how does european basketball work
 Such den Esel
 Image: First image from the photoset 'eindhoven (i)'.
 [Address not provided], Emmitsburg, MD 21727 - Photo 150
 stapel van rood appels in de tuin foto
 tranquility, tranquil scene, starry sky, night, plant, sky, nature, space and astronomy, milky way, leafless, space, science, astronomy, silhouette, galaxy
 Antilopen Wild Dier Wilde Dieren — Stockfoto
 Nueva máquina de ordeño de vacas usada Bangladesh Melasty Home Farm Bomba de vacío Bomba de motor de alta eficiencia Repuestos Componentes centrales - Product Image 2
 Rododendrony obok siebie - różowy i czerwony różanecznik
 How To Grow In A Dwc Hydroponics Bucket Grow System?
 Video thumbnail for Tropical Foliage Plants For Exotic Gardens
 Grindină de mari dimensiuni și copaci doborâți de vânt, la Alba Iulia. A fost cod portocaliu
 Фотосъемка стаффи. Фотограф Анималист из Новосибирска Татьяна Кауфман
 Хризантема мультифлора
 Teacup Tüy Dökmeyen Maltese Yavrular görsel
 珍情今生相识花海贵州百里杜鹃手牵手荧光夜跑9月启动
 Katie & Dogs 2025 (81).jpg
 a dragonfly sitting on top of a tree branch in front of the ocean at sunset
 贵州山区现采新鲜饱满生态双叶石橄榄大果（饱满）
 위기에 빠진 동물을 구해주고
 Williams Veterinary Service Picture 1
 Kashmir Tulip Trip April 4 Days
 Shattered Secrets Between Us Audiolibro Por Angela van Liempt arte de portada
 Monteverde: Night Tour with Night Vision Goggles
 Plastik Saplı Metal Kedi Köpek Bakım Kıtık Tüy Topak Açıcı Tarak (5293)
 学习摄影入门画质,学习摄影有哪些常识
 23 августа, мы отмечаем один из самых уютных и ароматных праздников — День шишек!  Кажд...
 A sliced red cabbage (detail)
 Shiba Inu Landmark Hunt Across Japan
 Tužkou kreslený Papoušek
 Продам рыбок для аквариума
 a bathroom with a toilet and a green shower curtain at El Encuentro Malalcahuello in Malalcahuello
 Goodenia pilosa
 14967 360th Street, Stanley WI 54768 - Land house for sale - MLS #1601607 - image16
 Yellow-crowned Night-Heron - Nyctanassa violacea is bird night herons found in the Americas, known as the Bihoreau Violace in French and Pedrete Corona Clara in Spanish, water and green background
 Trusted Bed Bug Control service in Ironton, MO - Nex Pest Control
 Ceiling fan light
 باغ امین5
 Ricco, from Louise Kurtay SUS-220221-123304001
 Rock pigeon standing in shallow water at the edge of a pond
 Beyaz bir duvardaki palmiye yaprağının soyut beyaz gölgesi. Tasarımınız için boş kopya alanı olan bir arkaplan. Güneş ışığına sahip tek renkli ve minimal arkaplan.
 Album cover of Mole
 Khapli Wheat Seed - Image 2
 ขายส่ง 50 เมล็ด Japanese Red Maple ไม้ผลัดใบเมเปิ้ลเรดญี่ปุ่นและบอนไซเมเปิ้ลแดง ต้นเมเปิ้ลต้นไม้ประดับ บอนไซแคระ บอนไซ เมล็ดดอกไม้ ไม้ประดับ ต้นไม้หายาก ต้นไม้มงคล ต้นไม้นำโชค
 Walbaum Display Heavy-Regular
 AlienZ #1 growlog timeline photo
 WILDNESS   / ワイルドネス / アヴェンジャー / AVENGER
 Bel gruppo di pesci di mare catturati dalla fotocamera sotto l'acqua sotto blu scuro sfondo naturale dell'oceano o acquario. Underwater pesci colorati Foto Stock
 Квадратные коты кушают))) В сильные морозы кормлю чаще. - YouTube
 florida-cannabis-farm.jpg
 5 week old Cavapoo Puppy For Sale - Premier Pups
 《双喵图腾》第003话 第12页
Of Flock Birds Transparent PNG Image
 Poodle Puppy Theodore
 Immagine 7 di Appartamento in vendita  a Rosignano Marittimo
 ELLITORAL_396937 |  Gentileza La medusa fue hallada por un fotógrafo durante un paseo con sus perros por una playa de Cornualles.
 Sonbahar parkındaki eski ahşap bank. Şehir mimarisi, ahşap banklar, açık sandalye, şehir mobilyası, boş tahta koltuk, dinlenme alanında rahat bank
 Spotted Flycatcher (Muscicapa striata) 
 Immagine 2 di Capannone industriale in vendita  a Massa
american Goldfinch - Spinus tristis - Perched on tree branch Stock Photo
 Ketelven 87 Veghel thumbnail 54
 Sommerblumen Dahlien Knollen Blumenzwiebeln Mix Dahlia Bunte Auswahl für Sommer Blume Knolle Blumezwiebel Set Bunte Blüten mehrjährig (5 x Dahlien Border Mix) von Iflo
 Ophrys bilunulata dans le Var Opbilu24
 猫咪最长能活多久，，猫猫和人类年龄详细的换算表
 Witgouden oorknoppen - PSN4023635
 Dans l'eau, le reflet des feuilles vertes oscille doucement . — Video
==========
Task description ->
Copy out every record above once more, precisely as written.

Exercise answer ->
how does european basketball work
 Such den Esel
 Image: First image from the photoset 'eindhoven (i)'.
 [Address not provided], Emmitsburg, MD 21727 - Photo 150
 stapel van rood appels in de tuin foto
 tranquility, tranquil scene, starry sky, night, plant, sky, nature, space and astronomy, milky way, leafless, space, science, astronomy, silhouette, galaxy
 Antilopen Wild Dier Wilde Dieren — Stockfoto
 Nueva máquina de ordeño de vacas usada Bangladesh Melasty Home Farm Bomba de vacío Bomba de motor de alta eficiencia Repuestos Componentes centrales - Product Image 2
 Rododendrony obok siebie - różowy i czerwony różanecznik
 How To Grow In A Dwc Hydroponics Bucket Grow System?
 Video thumbnail for Tropical Foliage Plants For Exotic Gardens
 Grindină de mari dimensiuni și copaci doborâți de vânt, la Alba Iulia. A fost cod portocaliu
 Фотосъемка стаффи. Фотограф Анималист из Новосибирска Татьяна Кауфман
 Хризантема мультифлора
 Teacup Tüy Dökmeyen Maltese Yavrular görsel
 珍情今生相识花海贵州百里杜鹃手牵手荧光夜跑9月启动
 Katie & Dogs 2025 (81).jpg
 a dragonfly sitting on top of a tree branch in front of the ocean at sunset
 贵州山区现采新鲜饱满生态双叶石橄榄大果（饱满）
 위기에 빠진 동물을 구해주고
 Williams Veterinary Service Picture 1
 Kashmir Tulip Trip April 4 Days
 Shattered Secrets Between Us Audiolibro Por Angela van Liempt arte de portada
 Monteverde: Night Tour with Night Vision Goggles
 Plastik Saplı Metal Kedi Köpek Bakım Kıtık Tüy Topak Açıcı Tarak (5293)
 学习摄影入门画质,学习摄影有哪些常识
 23 августа, мы отмечаем один из самых уютных и ароматных праздников — День шишек!  Кажд...
 A sliced red cabbage (detail)
 Shiba Inu Landmark Hunt Across Japan
 Tužkou kreslený Papoušek
 Продам рыбок для аквариума
 a bathroom with a toilet and a green shower curtain at El Encuentro Malalcahuello in Malalcahuello
 Goodenia pilosa
 14967 360th Street, Stanley WI 54768 - Land house for sale - MLS #1601607 - image16
 Yellow-crowned Night-Heron - Nyctanassa violacea is bird night herons found in the Americas, known as the Bihoreau Violace in French and Pedrete Corona Clara in Spanish, water and green background
 Trusted Bed Bug Control service in Ironton, MO - Nex Pest Control
 Ceiling fan light
 باغ امین5
 Ricco, from Louise Kurtay SUS-220221-123304001
 Rock pigeon standing in shallow water at the edge of a pond
 Beyaz bir duvardaki palmiye yaprağının soyut beyaz gölgesi. Tasarımınız için boş kopya alanı olan bir arkaplan. Güneş ışığına sahip tek renkli ve minimal arkaplan.
 Album cover of Mole
 Khapli Wheat Seed - Image 2
 ขายส่ง 50 เมล็ด Japanese Red Maple ไม้ผลัดใบเมเปิ้ลเรดญี่ปุ่นและบอนไซเมเปิ้ลแดง ต้นเมเปิ้ลต้นไม้ประดับ บอนไซแคระ บอนไซ เมล็ดดอกไม้ ไม้ประดับ ต้นไม้หายาก ต้นไม้มงคล ต้นไม้นำโชค
 Walbaum Display Heavy-Regular
 AlienZ #1 growlog timeline photo
 WILDNESS   / ワイルドネス / アヴェンジャー / AVENGER
 Bel gruppo di pesci di mare catturati dalla fotocamera sotto l'acqua sotto blu scuro sfondo naturale dell'oceano o acquario. Underwater pesci colorati Foto Stock
 Квадратные коты кушают))) В сильные морозы кормлю чаще. - YouTube
 florida-cannabis-farm.jpg
 5 week old Cavapoo Puppy For Sale - Premier Pups
 《双喵图腾》第003话 第12页
Of Flock Birds Transparent PNG Image
 Poodle Puppy Theodore
 Immagine 7 di Appartamento in vendita  a Rosignano Marittimo
 ELLITORAL_396937 |  Gentileza La medusa fue hallada por un fotógrafo durante un paseo con sus perros por una playa de Cornualles.
 Sonbahar parkındaki eski ahşap bank. Şehir mimarisi, ahşap banklar, açık sandalye, şehir mobilyası, boş tahta koltuk, dinlenme alanında rahat bank
 Spotted Flycatcher (Muscicapa striata) 
 Immagine 2 di Capannone industriale in vendita  a Massa
american Goldfinch - Spinus tristis - Perched on tree branch Stock Photo
 Ketelven 87 Veghel thumbnail 54
 Sommerblumen Dahlien Knollen Blumenzwiebeln Mix Dahlia Bunte Auswahl für Sommer Blume Knolle Blumezwiebel Set Bunte Blüten mehrjährig (5 x Dahlien Border Mix) von Iflo
 Ophrys bilunulata dans le Var Opbilu24
 猫咪最长能活多久，，猫猫和人类年龄详细的换算表
 Witgouden oorknoppen - PSN4023635
 Dans l'eau, le reflet des feuilles vertes oscille doucement . — Video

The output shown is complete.